#### TASK BRIEF:
When the line containing "Neotropical Otter, Lontra" appears in the entries below, begin printing there and stop after the line containing "MS vai de calor"; print each of those lines exactly and no other line.

#### DATA EXCERPTS:
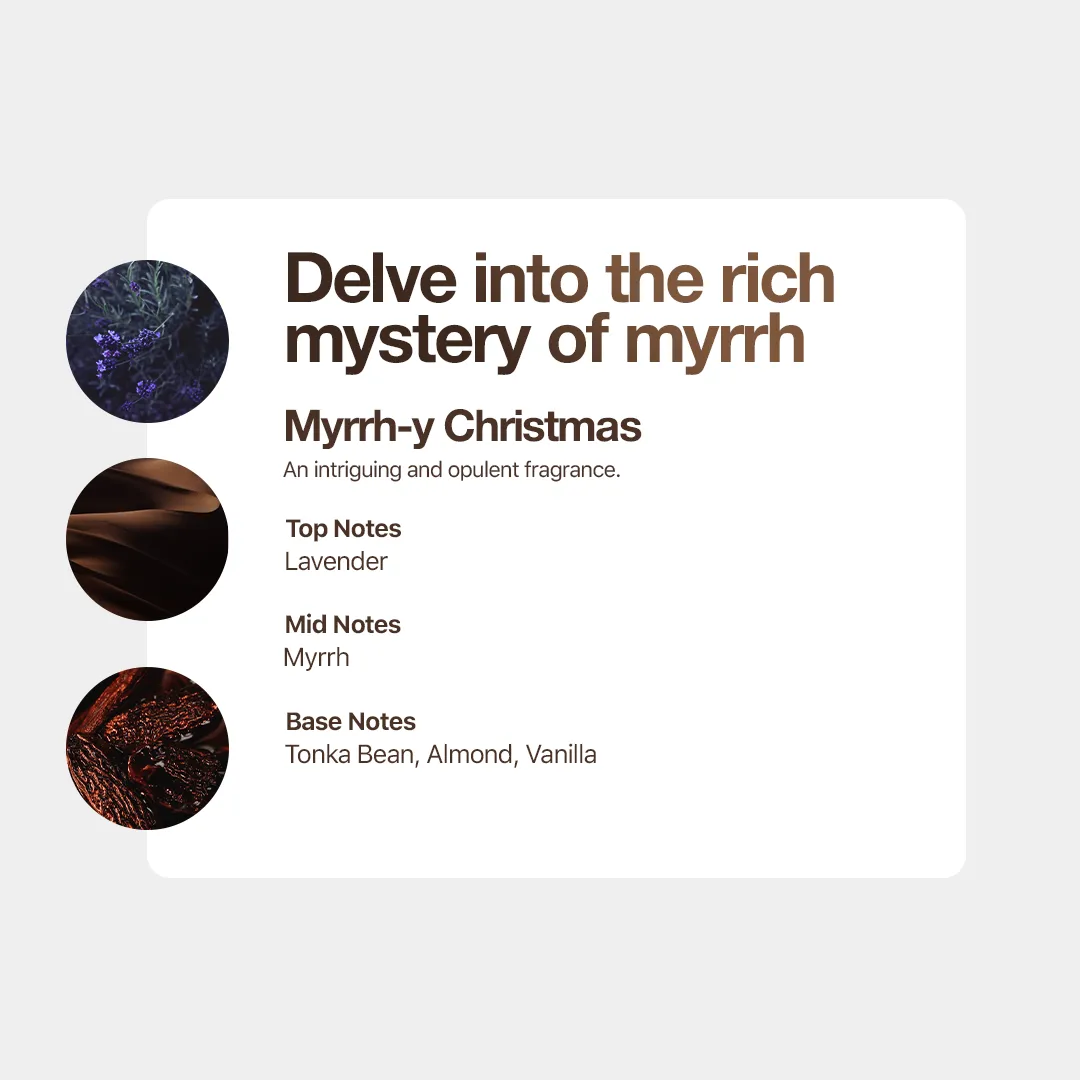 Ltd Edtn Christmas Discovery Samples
---
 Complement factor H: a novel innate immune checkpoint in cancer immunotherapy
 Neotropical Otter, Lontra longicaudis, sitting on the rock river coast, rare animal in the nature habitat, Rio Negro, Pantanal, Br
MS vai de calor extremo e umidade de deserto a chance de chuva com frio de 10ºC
--
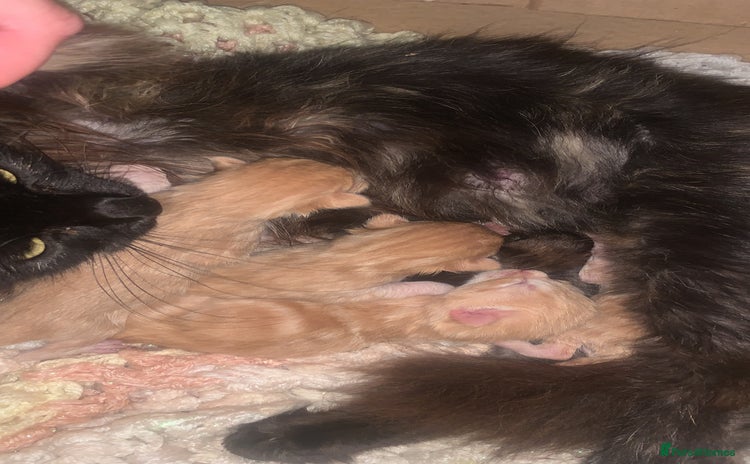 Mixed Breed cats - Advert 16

#### YOUR SOLUTION:
 Neotropical Otter, Lontra longicaudis, sitting on the rock river coast, rare animal in the nature habitat, Rio Negro, Pantanal, Br
MS vai de calor extremo e umidade de deserto a chance de chuva com frio de 10ºC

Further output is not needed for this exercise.